On August 23, 2011, 327 days into the one-year limitation period, Petitioner filed his motion for leave to file a successive post-conviction petition. The state court denied Petitioner leave to file the petition two days later. Neither the pendency of a request for leave to file a successive post-conviction petition, if ultimately denied, nor the appeal from this denial tolls the limitations period. United States ex rel. Laughlin v. Gaetz, 2011 WL 336143, at *3-*4 (N.D. Ill. Jan. 31, 2011) (citing Martinez v. Jones, 556 F.3d 637, 638-39 (7th Cir. 2009)). However, if the Illinois Appellate Court reverses the holding of the lower court and Petitioner is allowed leave to file a successive post-conviction petition, then the one-year limitations period would be tolled throughout the pendency of proceedings concerning that successive petitioner. Accordingly, Petitioner's Petition for Writ of Habeas Corpus, which is otherwise untimely, would be timely.

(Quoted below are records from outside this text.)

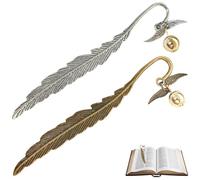 Pack of 2 Metal Wings Pattern Bookmark for Books, Elegant Book Bookmark with Fine Engraving, Decorative Design for Reading and Study, Stylish Choice for Bookmarks Men in Everyday Life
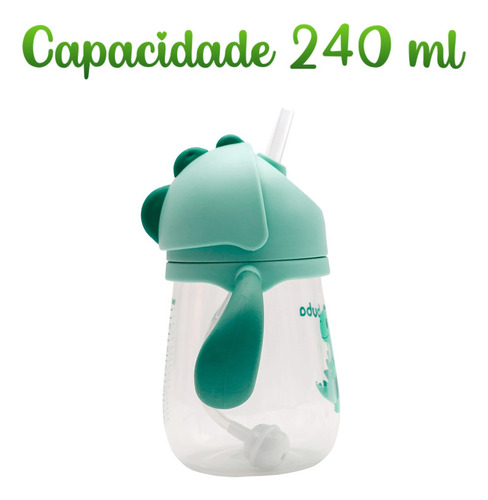 Copo Transição Infantil C/ Alça Canudo Válvula Antivazamento Cor Água Liso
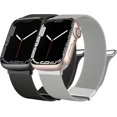 thumbnail image 2 of [2 PACK] Metal Stainless Steel Bands Compatible with Apple Watch Bands 41mm 40mm 38mm 42mm 44mm 45mm, Loop Magnetic Milanese Mesh Strap for iWatch Bands Series 8 7 6 5 4 3 2 1 SE Women Men, 2 of 9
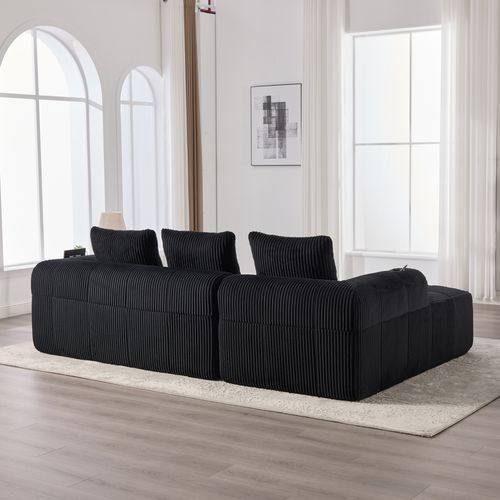 Canapé Modulable 4 Places Avec Poches Latérales, Porte-gobelet Et 3 Coussins En Velours Côtelé Noir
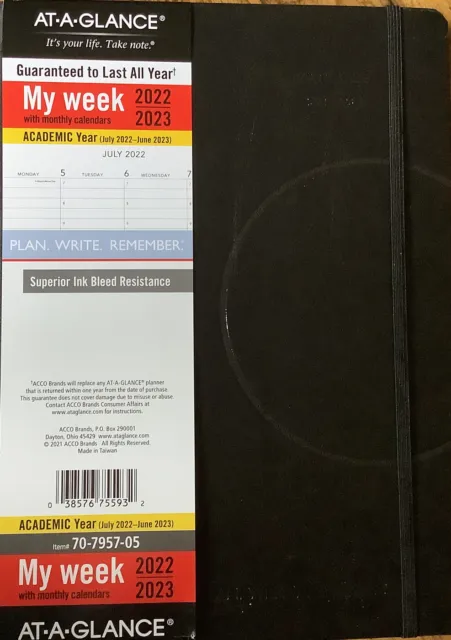 2022-2023 AT-A-GLANCE Plan Write Remember 7.5" x 10" Academic Weekly & Monthly A
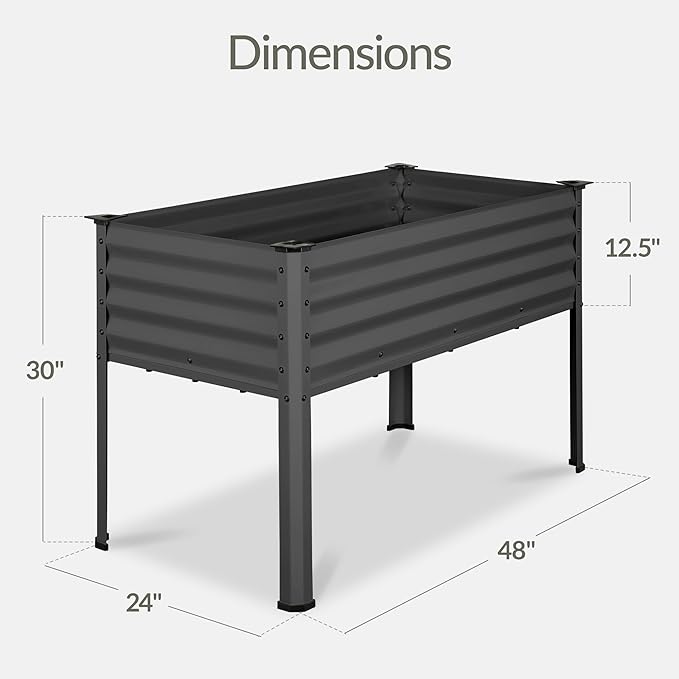 Best Choice Products 48x24x30in Galvanized Raised Garden Bed, Metal Elevated Planter Box, Vegetable Garden for Backyard, Patio, Balcony, 100% Non Toxic Materials - Charcoal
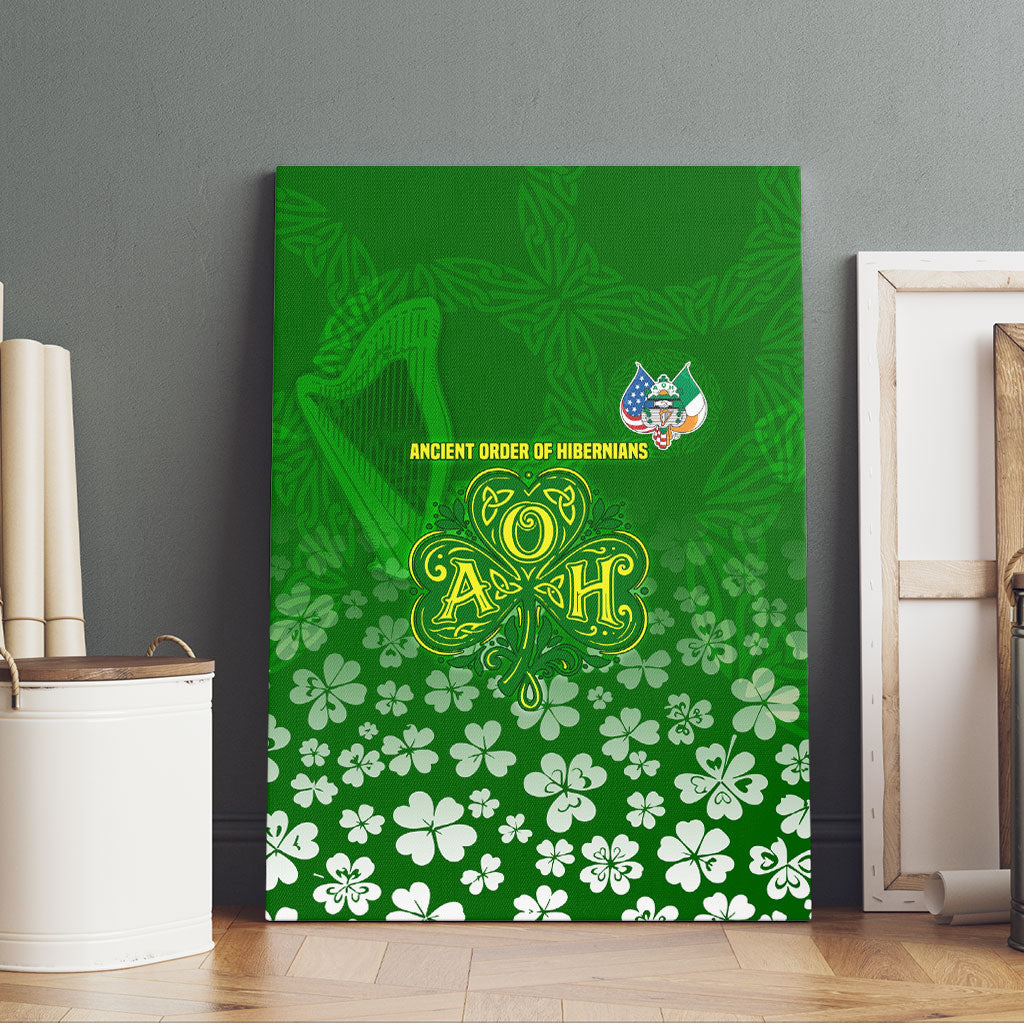 Ancient Order Of Hibernians Canvas Wall Art Irish Celtic Knotwork - Shamrock Harp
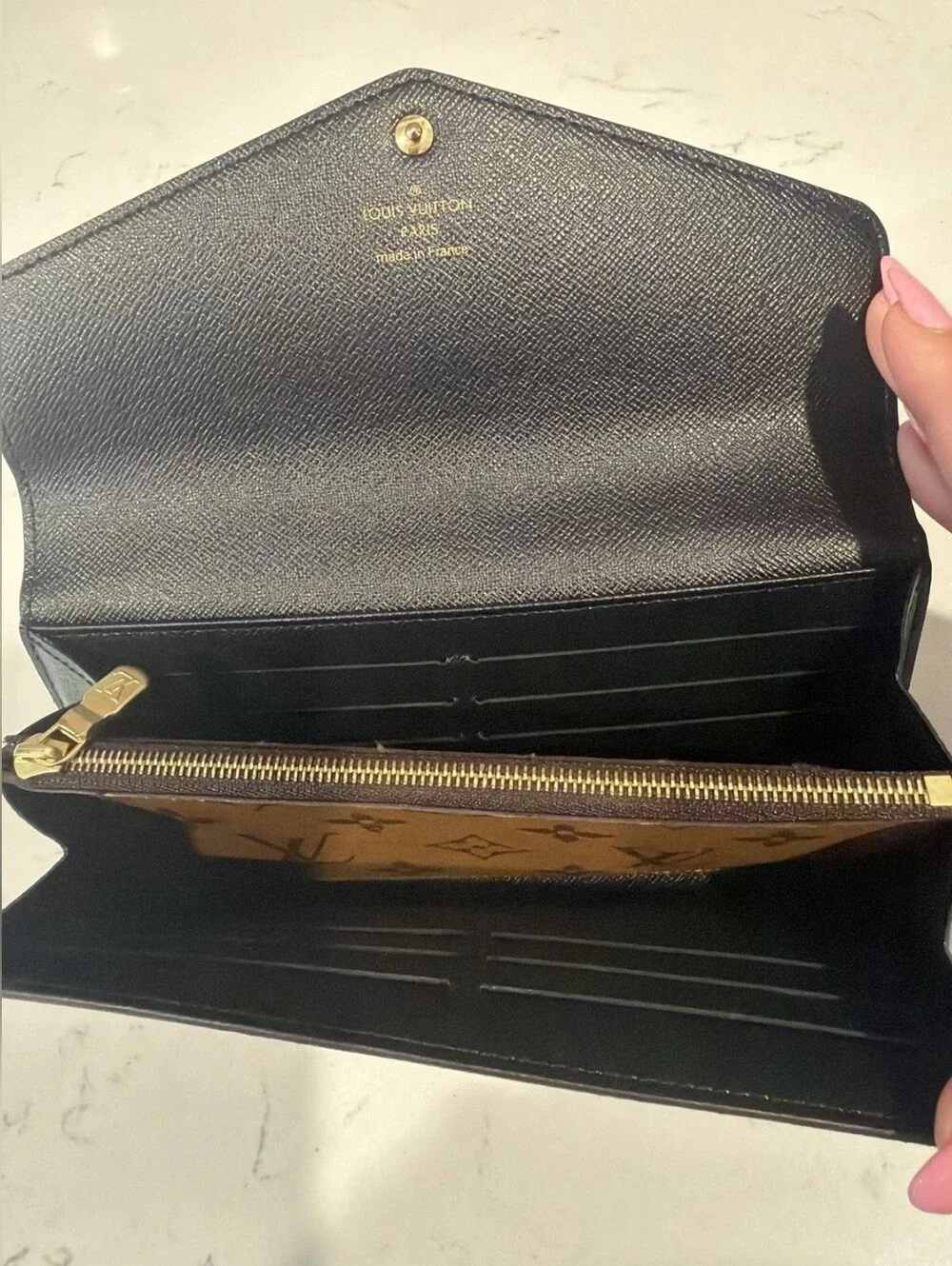 Louis Vuitton Monogram Sarah Wallet Brown and Tan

District courts possess the discretion to stay a petition for writ habeas corpus. Dolis v. Chambers, 454 F.3d 721, 725 (7th Cir. 2006). Because the timeliness of the Petitioner's Petition for Writ of Habeas Corpus is dependent upon the decision of the Illinois Appellate Court, this court finds it appropriate to stay this Petition until the conclusion of the state proceedings. While stay is only appropriate when the Petitioner's unexhausted claims are not "plainly meritless" under Rhines v. Weber, 544 U.S. 269, 277 (2005), an appellate court reversal could lead to a decision on the merits. Therefore, this court finds that staying Petitioner's Petition for Writ of Habeas Corpus (#1) is the best course of action.

IT IS THEREFORE ORDERED THAT:

(1) Respondent's Motion to Stay Petition (#10) is GRANTED.

(2) Petitioner's Petition Under 28 U.S.C. § 2254 for Writ of Habeas Corpus by a Person in State Custody (#1) is STAYED. Petitioner is directed to notify this court within 30 days following the decision of the Illinois Appellate Court.